This is a review of "The Human Touch" recorded by Heads We Dance. The review was written by Jessica Thornsby in 2008.

'The Human Touch' by Heads We Dance is five minutes of industrial-tinged electro with futuristic synths and robotic noises aplenty, and a modest amount of addictive beats. However, in this genre, repetition is the name of the game, and 'The Human Touch' doesn't have enough hooks to keep its looped samples interesting. 'The Human Touch' also occupies an awkward halfway point, lacking that driving dance beat that would fill out club dance floors, and always falling just a few distorted synths short of being a trippy, electro head-bender.

The frequent 'comedown' interludes are Ibiza-chillout-by-numbers, with the obligatory echoey piano and heartbeat sound effects.

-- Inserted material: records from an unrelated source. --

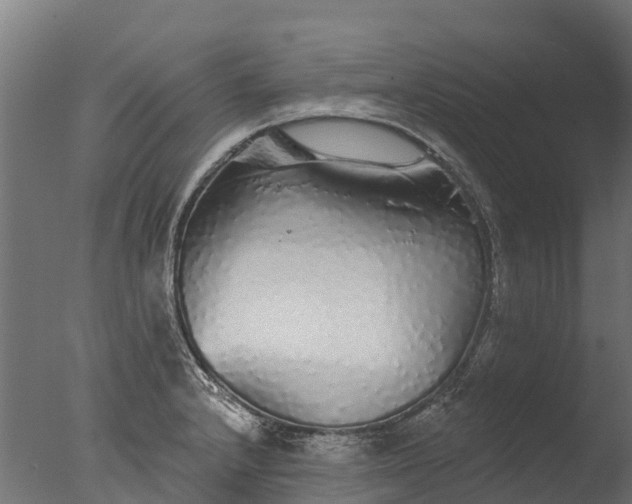X0000076421232200610161118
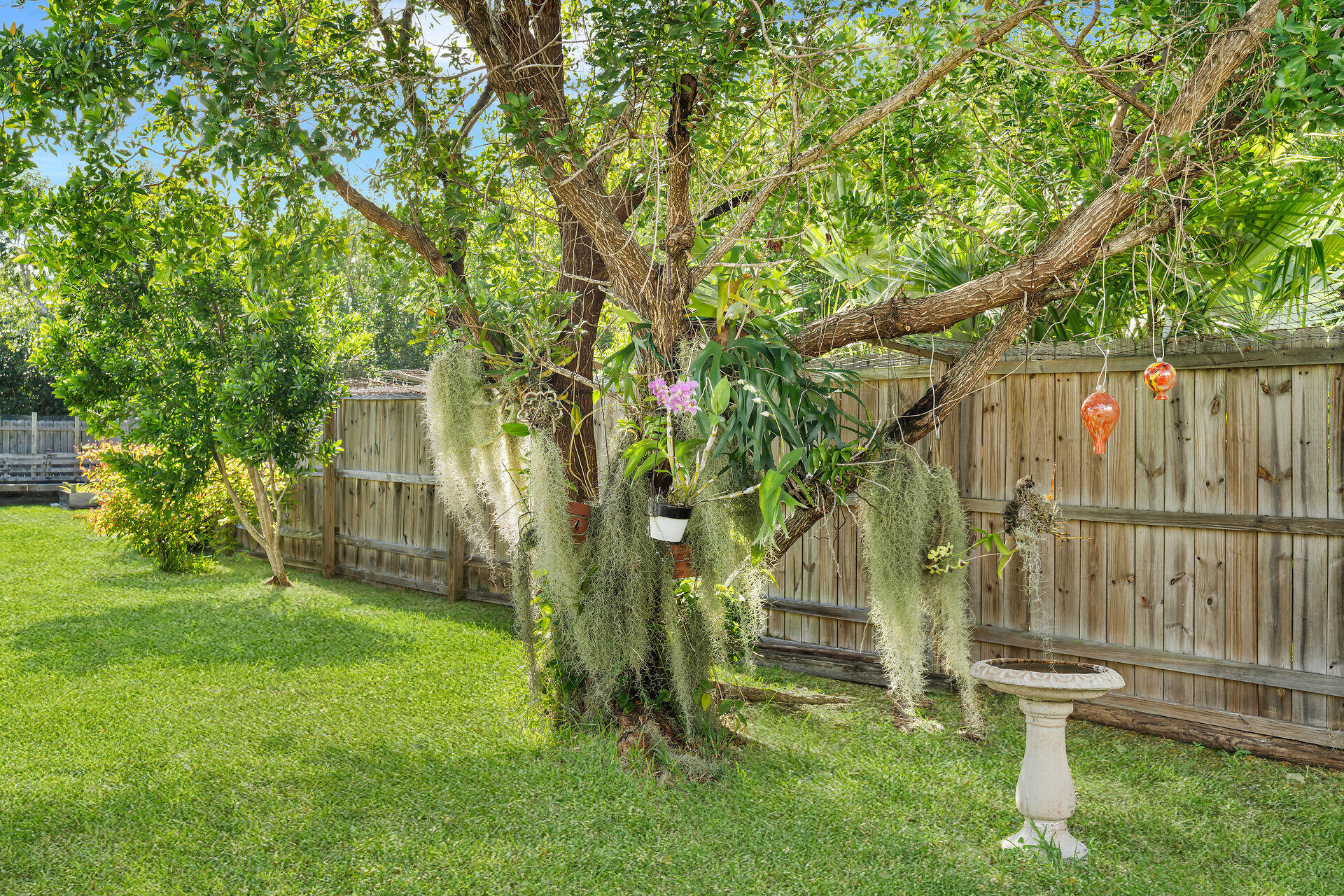 30246 Watson Boulevard Big Pine Key, FL 33043 - Photo 27 of 48 a view of backyard with a barn and large trees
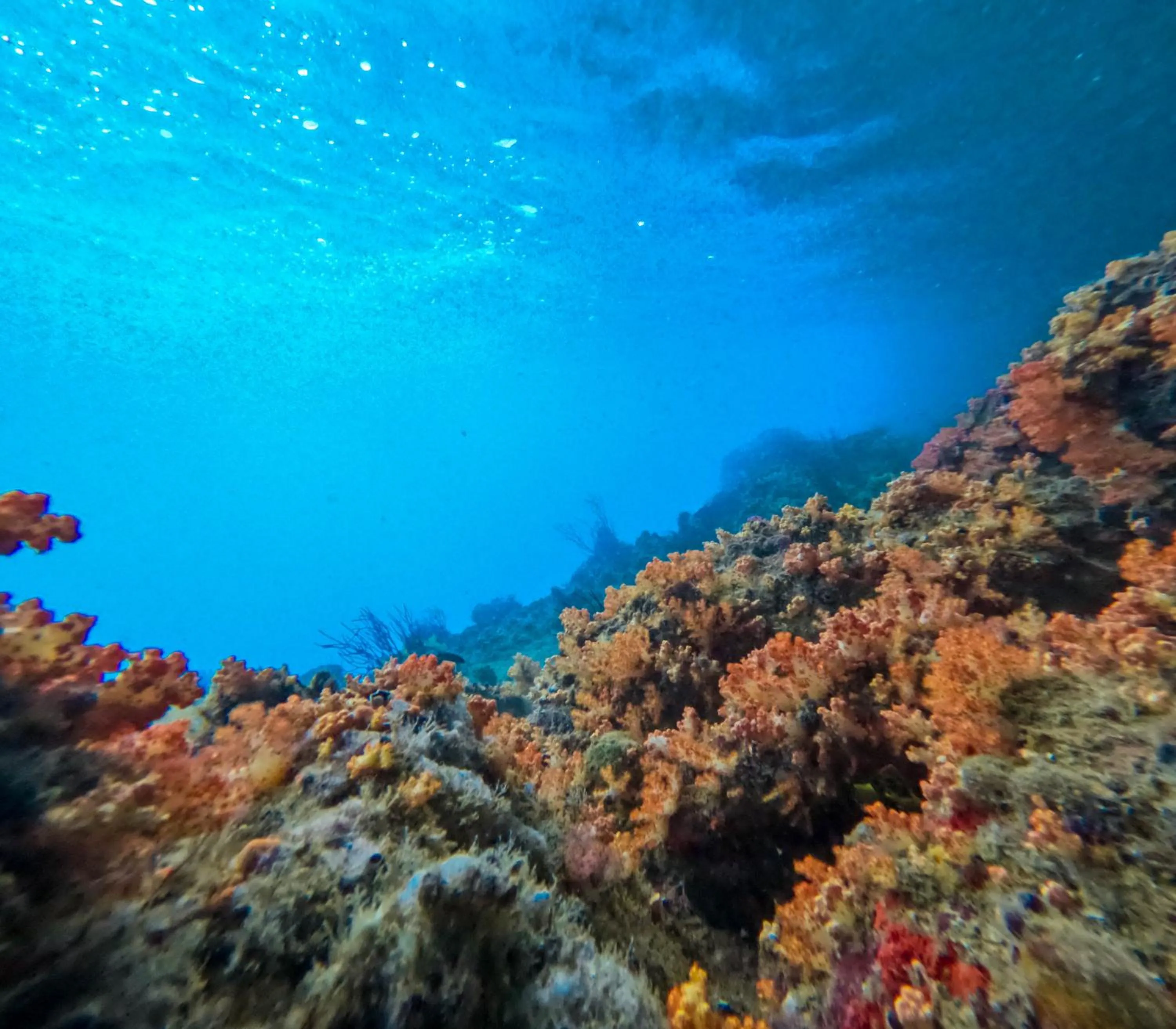 Snorkeling in Le Ranong Bistro Hotel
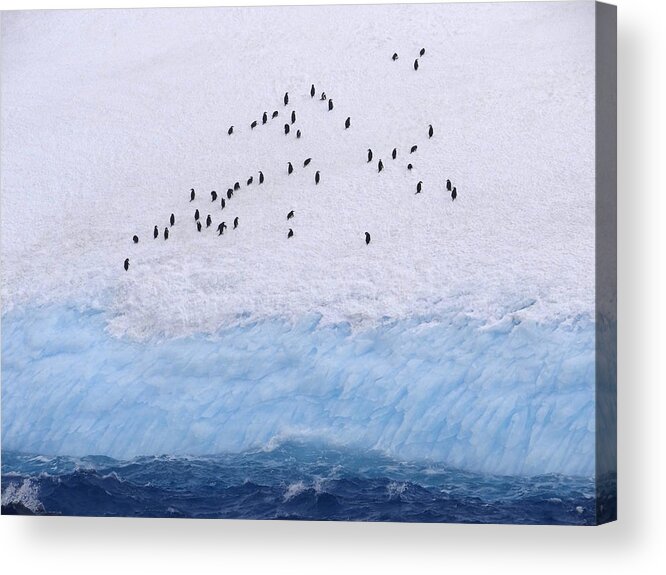 Ice Acrylic Print featuring the photograph Taking A Cruise by Ginny Barklow
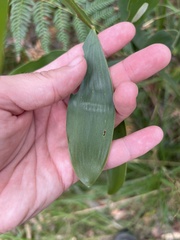Acacia leiocalyx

B-side 'You Are Never Alone With Model 21' takes the space-aged electro of 'The Human Touch' and shoehorns in a catchy pop chorus that gives this song some serious appeal. This is laid over a cheesy, old school disco beat that's guaranteed to stick in your head for days. However, again it's difficult to fathom what effect Heads We Dance were aiming for with the neither-here-nor-there electro backing track: it's too subtle to be a dancefloor-filler, and it's slightly too lively to be a chillout anthem. The sparse synths are occasionally bulked up with atmospheric, celestial-sounding synths, which see 'You Are Never Alone...' edge towards becoming pleasantly heady electro. However, it never quite makes the commitment and always drifts back to light-electro territory.

For the most part, this two track disc doesn't seem sure of how it wants to sound and, in the end, it fails to make a definite impression because of this. It's catchy enough, but its awkwardly middle-of-the-road sound works against it.